Today’s politicians exploit every opportunity to use fear for recruiting volunteers to their own personal causes without realising the flipside
We live in a world that, as Canadian philosopher Brendan Myers puts it, is “utterly saturated with fear. We fear being attacked by religious extremists, both foreign and domestic. We fear the loss of political rights, a loss of privacy, or a loss of freedom. We fear being injured, robbed or attacked, being judged by others, or neglected, or left unloved.”
Politicians understand this well. With the COVID-19 pandemic having already laid us low and in the absence of any real health-revival hopes on the horizon, they have lost no time in using fear to entice and recruit volunteers to their own personal causes.
Former American President Donald Trump is a prime example of a politician who has successfully used fear to his advantage, and continues to do so despite having lost the Presidency by approximately seven million of the popular vote. With absolutely no evidence to show, he has still been able to sell the “Big Lie” that he was denied victory because the election machinery was compromised and allowed incumbent Joe Biden to win fraudulently, something that millions continue to believe even to this day.
This issue, as we are all aware, boiled over on January 6, 2021, the day Congress was to formally certify President-elect Biden’s win. An unruly mob of Trump’s supporters, egged on by him but he choosing not to join them, attacked Capitol Hill in an effort to stop Congress from carrying out its constitutional mandate. In the ensuing violence, two policemen were killed and over 150 injured, leading to the arrest of over seven hundred of those involved, with many more still at large.
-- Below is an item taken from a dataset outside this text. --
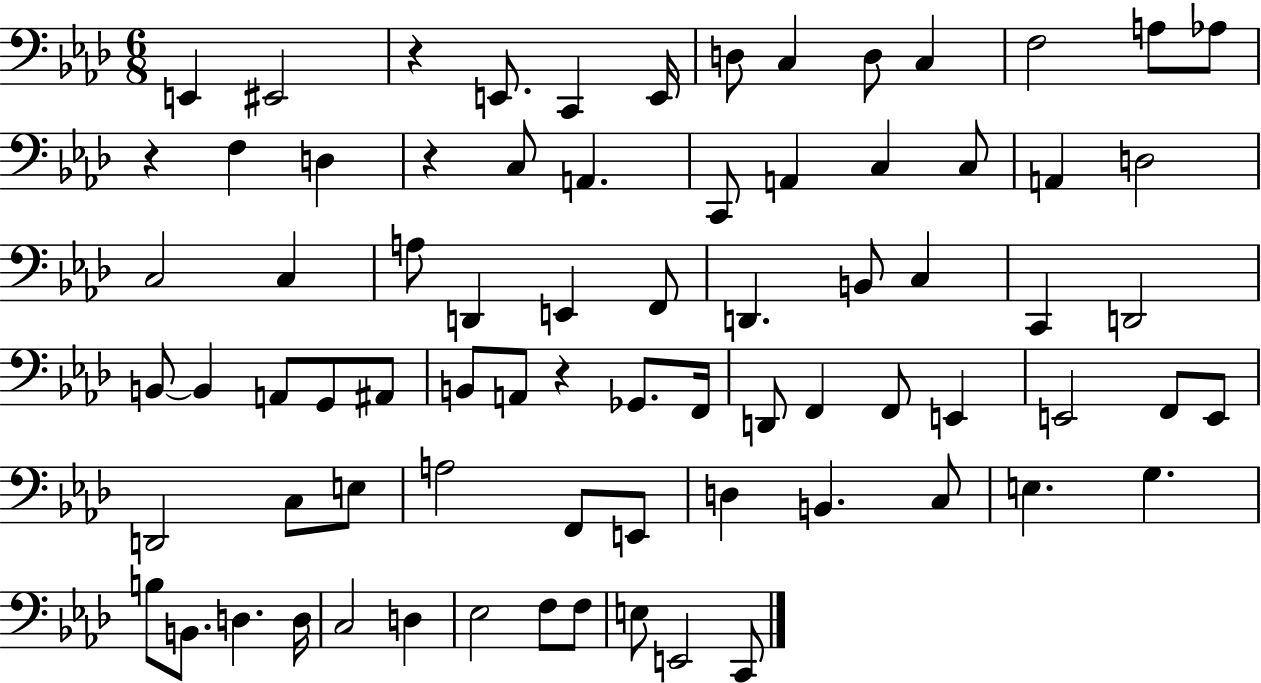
E2/q EIS2/h R/q E2/e. C2/q E2/s D3/e C3/q D3/e C3/q F3/h A3/e Ab3/e R/q F3/q D3/q R/q C3/e A2/q. C2/e A2/q C3/q C3/e A2/q D3/h C3/h C3/q A3/e D2/q E2/q F2/e D2/q. B2/e C3/q C2/q D2/h B2/e B2/q A2/e G2/e A#2/e B2/e A2/e R/q Gb2/e. F2/s D2/e F2/q F2/e E2/q E2/h F2/e E2/e D2/h C3/e E3/e A3/h F2/e E2/e D3/q B2/q. C3/e E3/q. G3/q. B3/e B2/e. D3/q. D3/s C3/h D3/q Eb3/h F3/e F3/e E3/e E2/h C2/e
One would have expected that the fanatics who attacked the Capitol and unleashed utter mayhem there would belong to the very fringes of American society. Surprisingly, that was not the case, as a study by the University of Chicago’s ‘Project on Security and Threats’ found. Of those who have been arrested thus far, “over half were business owners, CEOs and from white-collar occupations. Over a quarter had college degrees and only a third had criminal records, while 13 per cent belonged to extreme right-wing militia groups”. It concluded that the mob was overwhelmingly White Non-Latinos, in ages between 35-50 years and the vast majority had come from pockets of Trump supporters in districts and States that were either majority Democrat or had swung towards the Democrats.
The most interesting aspect of the study was the revelation that the single most important motivation for those who participated in the insurrection was their belief in the “Great Replacement Theory”. A conspiracy theory first propounded in France by author Renaud Camus in which white nationalists claimed that the French white population was being demographically and culturally replaced deliberately by Non- European peoples. It has found much traction not just in France but also in other European nations and in the United States and New Zealand. In America, it has come to be seen as the Non-Latino White population being replaced by Blacks, Hispanics and People of Colour. In essence, a growing fear of losing their privileged and entitled position in society that the colour of their skin provided.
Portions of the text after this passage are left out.